William Prothero waprothero at gmail.com
Thu Jun 28 12:17:01 EDT 2018


Mark and Brian:
Thank you for your input. Security is a big deal these days and I think it is very important that best practices get discussed and examples available. Ideally, we would be able to download example scripts of best practices for both db access, and password verification. For my use, the consequences of a breach are very small, but I don’t want my site to be able to be hijacked for nefarious purposes. 

A few questions. 

I understand Mark’s comment about putting the key and IV vector in the .htaccess file. I will do this as soon as I figure out if I’ve destroyed my server by deleting all files in the /etc/httpd directory by mistake (I was trying to set an environment variable in that directory and ….. arg…l).
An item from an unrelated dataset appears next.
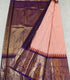 Semi Gadwaal Pattu Peach and white gingham checkered   silk saree with intricate gold zari border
However, if IV is a random vector, I don’t understand how the php code that accesses the mySQL db would decode the commands and data. The setup would be different for password verification because it doesn’t need to be decoded to be verified. However, for access to a mySQL server, it needs to be decoded on the server. My understanding was that the function of the IV was to increase the number of possible keys to make a dictionary attack less feasible. Also, my php docs say the IV should be 16 bits. I haven’t tried more, but I do get an error message complaining about IV not being 16 bits.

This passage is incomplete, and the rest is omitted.